*** Data provided Section Begins ***

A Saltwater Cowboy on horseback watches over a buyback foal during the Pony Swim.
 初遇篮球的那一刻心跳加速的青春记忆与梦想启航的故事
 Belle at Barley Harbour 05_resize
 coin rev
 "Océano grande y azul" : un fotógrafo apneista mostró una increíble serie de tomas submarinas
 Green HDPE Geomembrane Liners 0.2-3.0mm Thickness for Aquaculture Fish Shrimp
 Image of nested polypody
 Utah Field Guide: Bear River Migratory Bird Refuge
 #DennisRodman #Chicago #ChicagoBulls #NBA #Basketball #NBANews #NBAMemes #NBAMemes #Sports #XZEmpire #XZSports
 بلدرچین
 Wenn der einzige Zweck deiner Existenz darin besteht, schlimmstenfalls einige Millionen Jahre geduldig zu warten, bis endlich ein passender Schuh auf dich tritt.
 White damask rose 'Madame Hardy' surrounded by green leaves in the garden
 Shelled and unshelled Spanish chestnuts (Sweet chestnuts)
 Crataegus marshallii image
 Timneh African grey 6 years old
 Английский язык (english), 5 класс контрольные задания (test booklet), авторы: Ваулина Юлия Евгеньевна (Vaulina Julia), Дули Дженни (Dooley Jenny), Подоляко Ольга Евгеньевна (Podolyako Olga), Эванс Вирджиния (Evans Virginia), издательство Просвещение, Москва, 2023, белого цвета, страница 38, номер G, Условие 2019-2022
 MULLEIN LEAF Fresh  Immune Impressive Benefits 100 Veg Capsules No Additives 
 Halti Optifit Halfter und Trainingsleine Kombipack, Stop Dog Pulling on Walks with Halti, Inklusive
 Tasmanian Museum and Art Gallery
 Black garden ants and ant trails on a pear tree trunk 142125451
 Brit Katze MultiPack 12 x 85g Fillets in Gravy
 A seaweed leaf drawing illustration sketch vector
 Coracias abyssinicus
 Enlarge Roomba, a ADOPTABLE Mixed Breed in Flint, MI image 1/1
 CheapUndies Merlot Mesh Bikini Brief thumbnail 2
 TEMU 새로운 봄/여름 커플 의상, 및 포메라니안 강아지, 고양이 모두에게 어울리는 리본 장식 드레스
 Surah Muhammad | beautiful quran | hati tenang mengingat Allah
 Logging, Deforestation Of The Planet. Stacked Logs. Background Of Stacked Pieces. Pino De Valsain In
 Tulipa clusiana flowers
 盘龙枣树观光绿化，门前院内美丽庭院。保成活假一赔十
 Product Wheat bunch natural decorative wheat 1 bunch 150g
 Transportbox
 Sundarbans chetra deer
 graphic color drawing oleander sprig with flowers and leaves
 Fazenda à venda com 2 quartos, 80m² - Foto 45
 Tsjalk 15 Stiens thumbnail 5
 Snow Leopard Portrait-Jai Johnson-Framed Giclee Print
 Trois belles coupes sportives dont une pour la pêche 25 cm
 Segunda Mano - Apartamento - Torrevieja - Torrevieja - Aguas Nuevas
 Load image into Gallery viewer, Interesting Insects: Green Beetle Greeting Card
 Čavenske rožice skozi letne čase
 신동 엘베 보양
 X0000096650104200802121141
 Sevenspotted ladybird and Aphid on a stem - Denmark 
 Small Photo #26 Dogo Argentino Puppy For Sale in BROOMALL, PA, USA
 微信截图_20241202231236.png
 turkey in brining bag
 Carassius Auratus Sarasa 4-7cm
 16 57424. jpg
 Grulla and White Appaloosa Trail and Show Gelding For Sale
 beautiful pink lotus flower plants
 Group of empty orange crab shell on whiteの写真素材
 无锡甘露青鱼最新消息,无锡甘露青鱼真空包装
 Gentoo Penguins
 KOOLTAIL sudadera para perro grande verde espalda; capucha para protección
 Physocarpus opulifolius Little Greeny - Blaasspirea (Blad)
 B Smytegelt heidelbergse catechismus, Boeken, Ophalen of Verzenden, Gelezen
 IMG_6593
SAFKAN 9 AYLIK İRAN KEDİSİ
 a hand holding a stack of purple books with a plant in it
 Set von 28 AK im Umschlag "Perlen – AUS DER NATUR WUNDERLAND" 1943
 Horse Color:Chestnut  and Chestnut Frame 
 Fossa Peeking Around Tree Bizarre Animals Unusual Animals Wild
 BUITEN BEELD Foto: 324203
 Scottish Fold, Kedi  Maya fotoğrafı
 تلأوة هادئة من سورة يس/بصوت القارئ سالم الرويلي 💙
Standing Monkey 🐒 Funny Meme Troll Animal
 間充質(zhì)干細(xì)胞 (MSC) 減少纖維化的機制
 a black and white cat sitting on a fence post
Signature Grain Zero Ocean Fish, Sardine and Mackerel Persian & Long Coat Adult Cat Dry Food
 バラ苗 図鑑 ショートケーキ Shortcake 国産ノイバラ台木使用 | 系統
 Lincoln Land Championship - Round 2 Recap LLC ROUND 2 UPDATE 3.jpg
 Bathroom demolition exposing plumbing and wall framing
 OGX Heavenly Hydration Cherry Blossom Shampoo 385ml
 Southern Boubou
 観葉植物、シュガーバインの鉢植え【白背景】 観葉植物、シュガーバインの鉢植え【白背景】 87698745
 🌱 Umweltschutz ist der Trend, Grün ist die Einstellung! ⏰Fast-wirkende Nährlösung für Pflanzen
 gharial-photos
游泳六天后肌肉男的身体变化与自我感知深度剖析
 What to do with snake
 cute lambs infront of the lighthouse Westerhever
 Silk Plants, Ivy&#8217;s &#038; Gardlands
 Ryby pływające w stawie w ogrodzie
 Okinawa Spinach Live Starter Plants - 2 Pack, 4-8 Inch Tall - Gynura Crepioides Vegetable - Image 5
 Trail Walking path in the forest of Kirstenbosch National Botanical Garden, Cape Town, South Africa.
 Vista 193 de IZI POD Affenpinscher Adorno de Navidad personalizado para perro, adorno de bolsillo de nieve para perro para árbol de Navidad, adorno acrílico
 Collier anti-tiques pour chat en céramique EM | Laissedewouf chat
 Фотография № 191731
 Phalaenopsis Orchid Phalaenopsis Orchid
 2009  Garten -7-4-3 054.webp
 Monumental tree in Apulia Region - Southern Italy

*** Data provided Section Ends ***

The records must be given again in full, exactly as they were written.

Response to the exercise »
A Saltwater Cowboy on horseback watches over a buyback foal during the Pony Swim.
 初遇篮球的那一刻心跳加速的青春记忆与梦想启航的故事
 Belle at Barley Harbour 05_resize
 coin rev
 "Océano grande y azul" : un fotógrafo apneista mostró una increíble serie de tomas submarinas
 Green HDPE Geomembrane Liners 0.2-3.0mm Thickness for Aquaculture Fish Shrimp
 Image of nested polypody
 Utah Field Guide: Bear River Migratory Bird Refuge
 #DennisRodman #Chicago #ChicagoBulls #NBA #Basketball #NBANews #NBAMemes #NBAMemes #Sports #XZEmpire #XZSports
 بلدرچین
 Wenn der einzige Zweck deiner Existenz darin besteht, schlimmstenfalls einige Millionen Jahre geduldig zu warten, bis endlich ein passender Schuh auf dich tritt.
 White damask rose 'Madame Hardy' surrounded by green leaves in the garden
 Shelled and unshelled Spanish chestnuts (Sweet chestnuts)
 Crataegus marshallii image
 Timneh African grey 6 years old
 Английский язык (english), 5 класс контрольные задания (test booklet), авторы: Ваулина Юлия Евгеньевна (Vaulina Julia), Дули Дженни (Dooley Jenny), Подоляко Ольга Евгеньевна (Podolyako Olga), Эванс Вирджиния (Evans Virginia), издательство Просвещение, Москва, 2023, белого цвета, страница 38, номер G, Условие 2019-2022
 MULLEIN LEAF Fresh  Immune Impressive Benefits 100 Veg Capsules No Additives 
 Halti Optifit Halfter und Trainingsleine Kombipack, Stop Dog Pulling on Walks with Halti, Inklusive
 Tasmanian Museum and Art Gallery
 Black garden ants and ant trails on a pear tree trunk 142125451
 Brit Katze MultiPack 12 x 85g Fillets in Gravy
 A seaweed leaf drawing illustration sketch vector
 Coracias abyssinicus
 Enlarge Roomba, a ADOPTABLE Mixed Breed in Flint, MI image 1/1
 CheapUndies Merlot Mesh Bikini Brief thumbnail 2
 TEMU 새로운 봄/여름 커플 의상, 및 포메라니안 강아지, 고양이 모두에게 어울리는 리본 장식 드레스
 Surah Muhammad | beautiful quran | hati tenang mengingat Allah
 Logging, Deforestation Of The Planet. Stacked Logs. Background Of Stacked Pieces. Pino De Valsain In
 Tulipa clusiana flowers
 盘龙枣树观光绿化，门前院内美丽庭院。保成活假一赔十
 Product Wheat bunch natural decorative wheat 1 bunch 150g
 Transportbox
 Sundarbans chetra deer
 graphic color drawing oleander sprig with flowers and leaves
 Fazenda à venda com 2 quartos, 80m² - Foto 45
 Tsjalk 15 Stiens thumbnail 5
 Snow Leopard Portrait-Jai Johnson-Framed Giclee Print
 Trois belles coupes sportives dont une pour la pêche 25 cm
 Segunda Mano - Apartamento - Torrevieja - Torrevieja - Aguas Nuevas
 Load image into Gallery viewer, Interesting Insects: Green Beetle Greeting Card
 Čavenske rožice skozi letne čase
 신동 엘베 보양
 X0000096650104200802121141
 Sevenspotted ladybird and Aphid on a stem - Denmark 
 Small Photo #26 Dogo Argentino Puppy For Sale in BROOMALL, PA, USA
 微信截图_20241202231236.png
 turkey in brining bag
 Carassius Auratus Sarasa 4-7cm
 16 57424. jpg
 Grulla and White Appaloosa Trail and Show Gelding For Sale
 beautiful pink lotus flower plants
 Group of empty orange crab shell on whiteの写真素材
 无锡甘露青鱼最新消息,无锡甘露青鱼真空包装
 Gentoo Penguins
 KOOLTAIL sudadera para perro grande verde espalda; capucha para protección
 Physocarpus opulifolius Little Greeny - Blaasspirea (Blad)
 B Smytegelt heidelbergse catechismus, Boeken, Ophalen of Verzenden, Gelezen
 IMG_6593
SAFKAN 9 AYLIK İRAN KEDİSİ
 a hand holding a stack of purple books with a plant in it
 Set von 28 AK im Umschlag "Perlen – AUS DER NATUR WUNDERLAND" 1943
 Horse Color:Chestnut  and Chestnut Frame 
 Fossa Peeking Around Tree Bizarre Animals Unusual Animals Wild
 BUITEN BEELD Foto: 324203
 Scottish Fold, Kedi  Maya fotoğrafı
 تلأوة هادئة من سورة يس/بصوت القارئ سالم الرويلي 💙
Standing Monkey 🐒 Funny Meme Troll Animal
 間充質(zhì)干細(xì)胞 (MSC) 減少纖維化的機制
 a black and white cat sitting on a fence post
Signature Grain Zero Ocean Fish, Sardine and Mackerel Persian & Long Coat Adult Cat Dry Food
 バラ苗 図鑑 ショートケーキ Shortcake 国産ノイバラ台木使用 | 系統
 Lincoln Land Championship - Round 2 Recap LLC ROUND 2 UPDATE 3.jpg
 Bathroom demolition exposing plumbing and wall framing
 OGX Heavenly Hydration Cherry Blossom Shampoo 385ml
 Southern Boubou
 観葉植物、シュガーバインの鉢植え【白背景】 観葉植物、シュガーバインの鉢植え【白背景】 87698745
 🌱 Umweltschutz ist der Trend, Grün ist die Einstellung! ⏰Fast-wirkende Nährlösung für Pflanzen
 gharial-photos
游泳六天后肌肉男的身体变化与自我感知深度剖析
 What to do with snake
 cute lambs infront of the lighthouse Westerhever
 Silk Plants, Ivy&#8217;s &#038; Gardlands
 Ryby pływające w stawie w ogrodzie
 Okinawa Spinach Live Starter Plants - 2 Pack, 4-8 Inch Tall - Gynura Crepioides Vegetable - Image 5
 Trail Walking path in the forest of Kirstenbosch National Botanical Garden, Cape Town, South Africa.
 Vista 193 de IZI POD Affenpinscher Adorno de Navidad personalizado para perro, adorno de bolsillo de nieve para perro para árbol de Navidad, adorno acrílico
 Collier anti-tiques pour chat en céramique EM | Laissedewouf chat
 Фотография № 191731
 Phalaenopsis Orchid Phalaenopsis Orchid
 2009  Garten -7-4-3 054.webp
 Monumental tree in Apulia Region - Southern Italy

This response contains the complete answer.